But I don’t blame the Greeks. Geographically, Athens is a sprawling metropolis larger than Boston, or even Los Angeles, and almost entirely indefensible. Politically, the Greeks knew better. In terms of the threat posed to an Olympics in Greece by anti-American Muslim jihadists, well, it wasn’t going to happen.
A friend of a friend, Petros Petrakopoulos, was a native Athenian and an architect who help design the sailing center for Olympic racing. He was well-versed in the politics and strife in that part of the world. Over dinner in a taverna early in the Olympics, he explained the relationship between Greece and many in the disaffected Arab world that was little understood in the America of 2004, or now.
“Greece is the only friend the Arabs have in Western Europe,” he said. “The consequences of an act here would not help their cause.”
As my travels continued, his observation was repeated again and again by Greeks who knew the danger was negligible. Targets were plentiful and easy, and not just because the tired Greek soldier failed to deliver to me a steely glower. In that time and that place, there just wasn’t the will to kill.
As was seen in Boston Monday, there was a will to kill. Whether the murderers were domestic or foreign is not yet known, and for the moment, secondary to a point about sports as a target for terror.
The bad guys picked an easy target — 26 miles (times two; both sides of the route) of open partying — but they picked on a hard bunch. This was Boston, this was a holiday, these were mostly amateur athletes and all were well accepting of pain, purpose and perseverance. Seal Team 25,000.
For a century, people have come from all over the world to the runner’s Mecca for an annual ritual of heart, mind and body. Somebody gashed them, as well as millions who live vicariously around and through them. They will prevail.
We knew it was coming. Since 9/11, we knew that if the diabolical wanted to have at America again in a deeply visceral way, probably it would be via sports. So we’ve wrapped our sports events in double-secret security. And it’s worked. Until now.
How do police smother a 26-mile footrace in protection? They don’t.

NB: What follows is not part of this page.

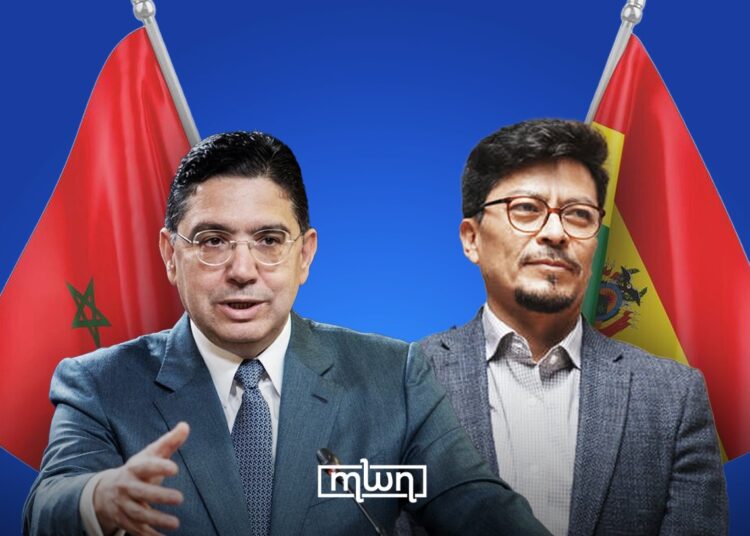 bolivia sadr morocco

The sight of dead and maimed bodies at the finish line of a worldwide sporting event in one of America’s grandest cities is an image now fixed gruesomely in the cultural consciousness. But the bad guys picked on a hard bunch.
Not to say that an attack on any other sports event would be any less horrific or meaningful. But running is such a universally sublime human experience, and running far is such a transcendent achievement because it has been done almost exactly the same way for the existence of the species.
There’s a reason the marathon is the last event in every Summer Olympics. When the race leader enters alone upon the track in front a giant stadium crowd that roars to its feet, well . . . TV will never do justice to the magnificence. When you win the lottery, put it on your bucket list.
Now, this wretchedness. Yet in my sportswriting experience, there are no athletes better equipped to help render moot this act of intimidation than those who would do such a hard feat so well, whether the deed lasts two hours or eight hours.
We will continue to gather to play sports, to watch sports and share in celebrating the best in humanity while solving for the worst. The race will be won.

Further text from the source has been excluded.